En realidad, es improbable que las tradiciones jurídicas o éticas respondan al proyecto deliberado de uno o varios patriarcas. Son fruto de la acción colectiva, como el lenguaje. No existe un inventor del español. Cada idioma es la cristalización de millones de aportaciones individuales y la prueba es que está lleno de chapuzas. A nadie que no fuera un perfecto sádico se le habría ocurrido algo como la ortografía francesa. ¿Cómo es posible que la palabra foie se escriba con tres de las cinco vocales y se lea luego con las dos que no tiene? Podría pensarse que cualquiera lo haría mejor, pero los intentos de diseñar un idioma universal, fácil y claro no han llegado muy lejos. El esperanto lo usan dos millones de hablantes, según la estimación más optimista. El mandarín, que pasa por ser endiabladamente complicado, tiene casi 500 veces más.
Y del mismo modo que los grandes gramáticos (Panini, Nebrija, Meigret) no crean nada, sino que se limitan a clasificar y fijar los patrones que observan a su alrededor, los grandes legisladores de la historia (Moisés, Hammurabi, Solón) son meros compiladores de normas consagradas por el uso. Sus decálogos y códigos, dice Hayek, son una destilación de «la experiencia práctica de la humanidad» que, tras superar «la lenta prueba del tiempo», han acreditado su eficacia en «la promoción del bienestar». No obedecemos sus prescripciones como consecuencia de un análisis racional. A menudo, de hecho, lo racional es vulnerarlas: colarse en el metro, aparcar en prohibido, no recoger la deposición canina. Las obedecemos por dos motivos principales: por conformidad con el grupo y porque, como sucede con las reglas de la gramática, si no las respetáramos, la convivencia se volvería imposible.

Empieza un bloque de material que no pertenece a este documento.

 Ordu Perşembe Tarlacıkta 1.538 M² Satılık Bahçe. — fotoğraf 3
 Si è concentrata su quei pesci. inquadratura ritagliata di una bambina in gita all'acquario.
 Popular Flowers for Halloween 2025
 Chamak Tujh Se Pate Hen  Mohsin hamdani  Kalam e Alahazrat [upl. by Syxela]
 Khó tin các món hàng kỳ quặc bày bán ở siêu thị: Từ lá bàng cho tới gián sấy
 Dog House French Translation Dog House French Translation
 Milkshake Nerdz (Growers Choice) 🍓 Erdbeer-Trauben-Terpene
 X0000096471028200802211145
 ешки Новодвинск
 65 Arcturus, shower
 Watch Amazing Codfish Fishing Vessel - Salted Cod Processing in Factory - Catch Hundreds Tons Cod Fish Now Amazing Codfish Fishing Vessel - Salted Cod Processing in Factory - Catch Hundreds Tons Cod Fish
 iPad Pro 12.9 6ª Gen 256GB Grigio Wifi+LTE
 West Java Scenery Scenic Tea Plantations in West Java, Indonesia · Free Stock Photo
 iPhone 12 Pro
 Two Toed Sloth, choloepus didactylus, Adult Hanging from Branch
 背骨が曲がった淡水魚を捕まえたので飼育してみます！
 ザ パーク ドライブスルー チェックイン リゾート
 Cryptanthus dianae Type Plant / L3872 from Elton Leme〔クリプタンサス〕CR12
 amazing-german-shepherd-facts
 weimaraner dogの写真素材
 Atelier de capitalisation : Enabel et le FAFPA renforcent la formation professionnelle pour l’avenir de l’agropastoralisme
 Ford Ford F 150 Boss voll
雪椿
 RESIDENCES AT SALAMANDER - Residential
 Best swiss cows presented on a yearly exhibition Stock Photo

Ni las unas ni las otras constituyen un sistema cerrado y definitivo. Ambas son manifiestamente mejorables y están en constante evolución, sujetas al cuestionamiento y a la innovación de los usuarios. E igual que te encuentras con virtuosos y analfabetos en el manejo del lenguaje, en el de la moral hay santos y sinvergüenzas, como aquellos dos tipejos que conocí en mi juventud.